How the moral hysteria of the 1980s spawned a cult horror canon
Ahead of the new horror film Censor, we look at the “video nasty” panic that inspired it.
Image: Graphic: Libby McGuirePrano Baily-Bond’s Censor has an otherworldly air about it. The protagonist, Enid (Niamh Algar), sits in a smoky Soho basement, wearing a high-buttoned shirt and gold-rimmed spectacles, watching and re-watching footage of blood-splattered women. She carefully cuts out shots of entrails and glimpses of genitals but permits a little “screwdriver stuff.” This windowless purgatory under seedy neon lights may feel like a Black Mirror dystopia of censorship, a fictional world in the grips of a sinister government fixated on salacious art. In reality, the film (which hits American theaters June 11 and VOD June 18) is reflecting a very real moment in relatively recent U.K. history: the early 1980s, an era of bizarre moral panic. It’s the age of the so-called video nasties.

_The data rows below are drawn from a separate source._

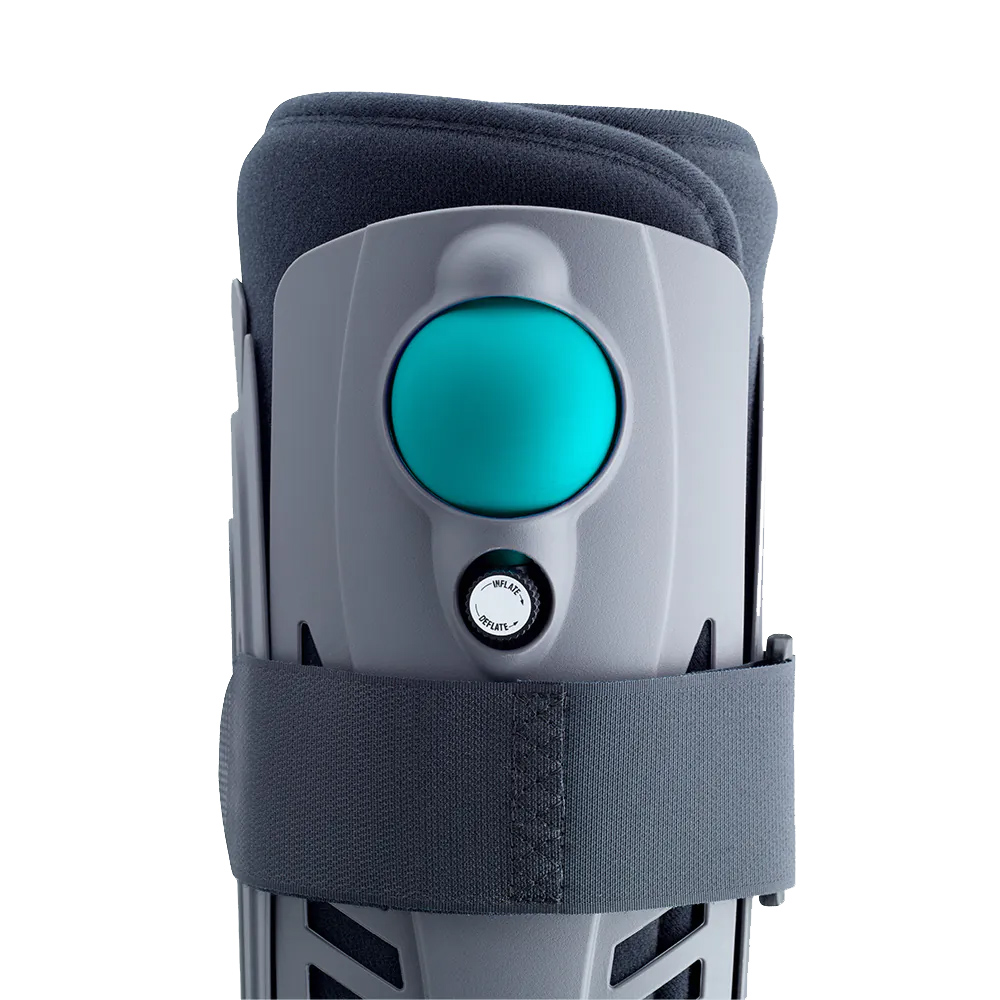 Foot braces - b:joynz Foot Brace Articulated Boot Pneumatic Air Walker Low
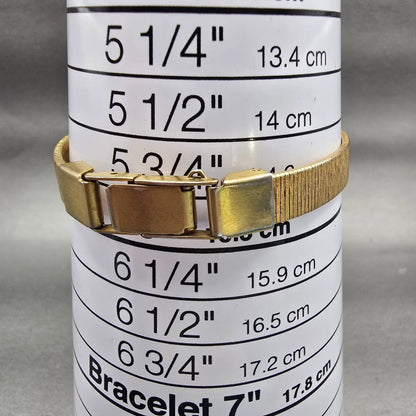 Citizen CQ Watch Women 17mm Black Dial Gold Tone Oval 3220-S09150 New Battery9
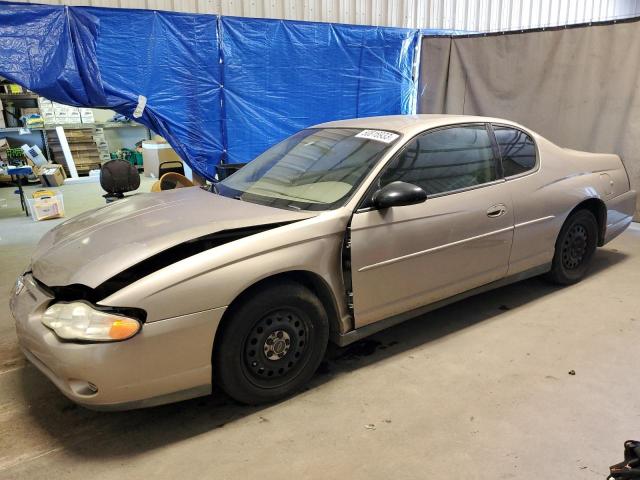Salvage cars for sale from Copart Tifton, GA: 2003 Chevrolet Monte Carlo LS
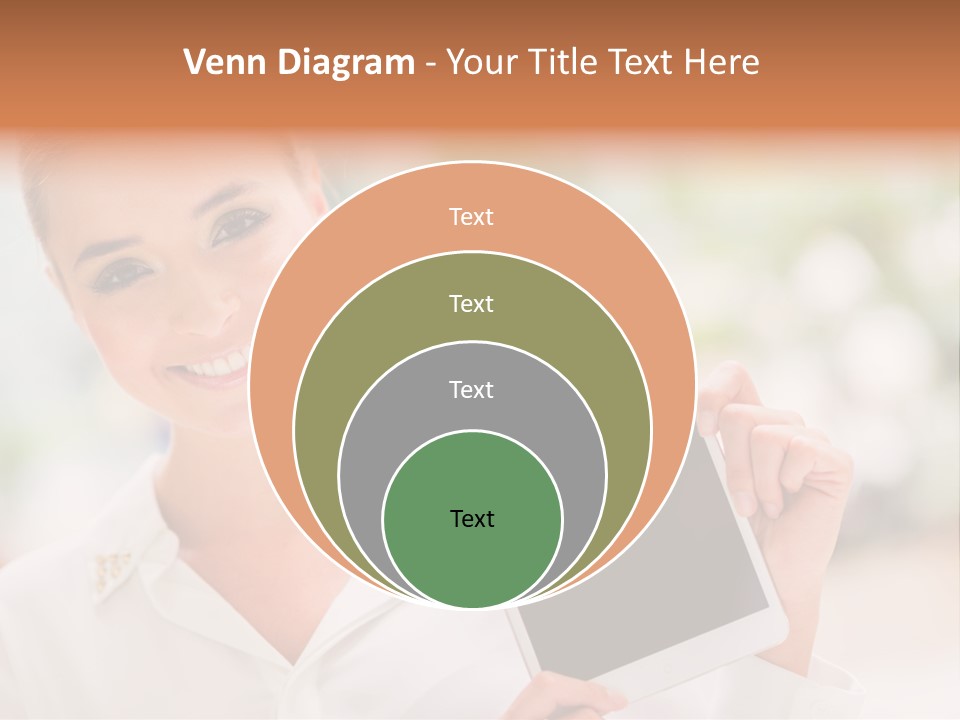 Social Portrait  PowerPoint Template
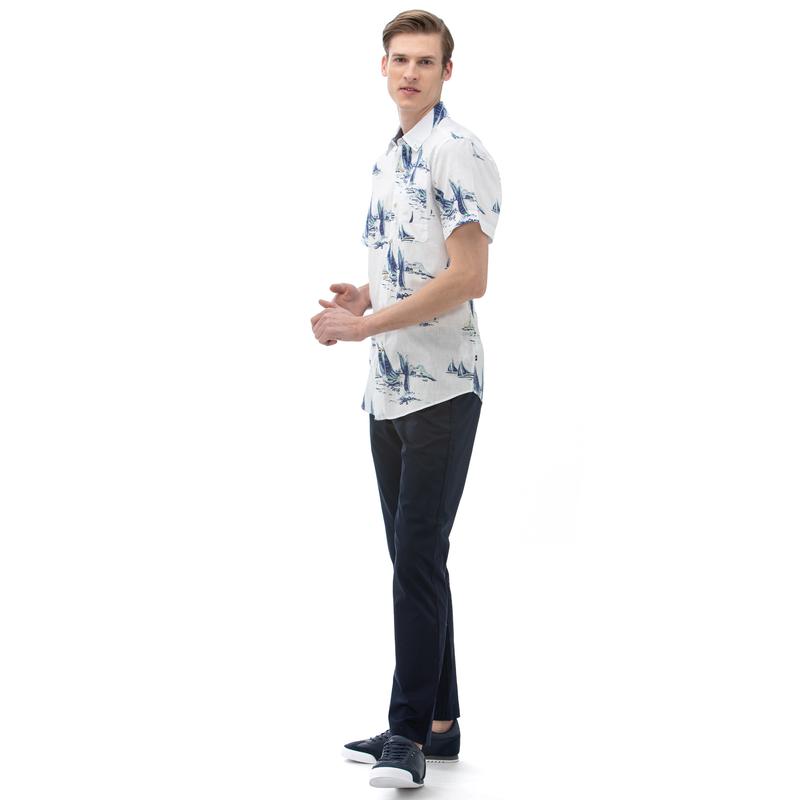 NAUTICA Erkek Classic Fit Lacivert Pantolon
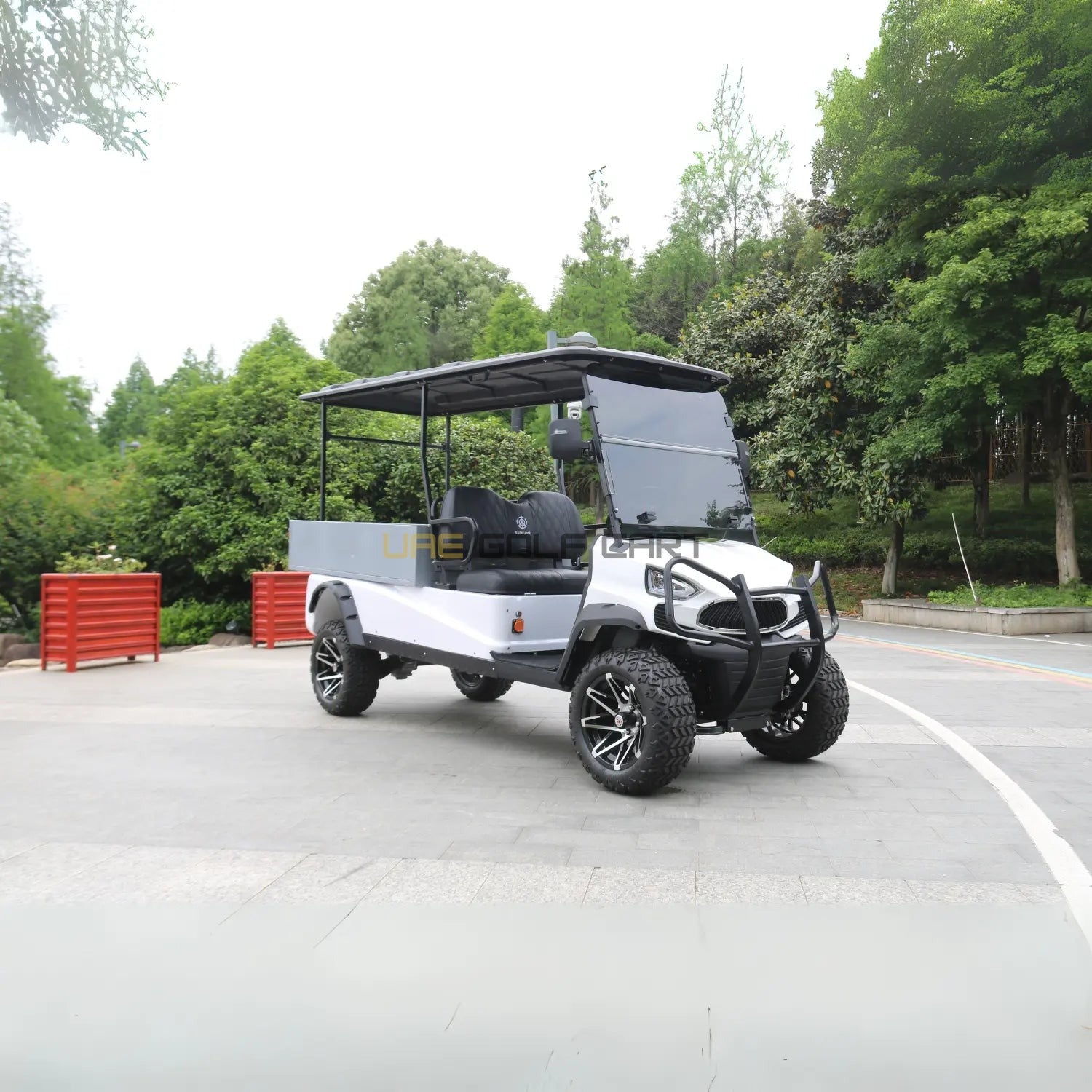 2 Seater Off Road Utility Golf Cart with Lithium Battery and Dump Bed - Utility Golf Carts - 2 Seater - Photo 4 | UAE Golf Cart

Despite what the most recent season of The Crown might have you believe, Thatcherite Britain was a grim place. It brought mass electricity shortages, the destruction of the manufacturing industry, the Falklands War, the miners strike, conflict with the IRA, mass unemployment, race riots, and the AIDS epidemic, to name just a few of the defining events of the decade. If you were poor, queer, female, a person of color, or any combination of the preceding, it was a particularly dark time. Margaret Thatcher’s Conservative Party held anyone who fit those descriptions in naked contempt, so it’s hardly surprising that the government did little to make their lives better. Instead, the powers that were created a scapegoat, the made-up threat of movies supposedly corroding the social fabric.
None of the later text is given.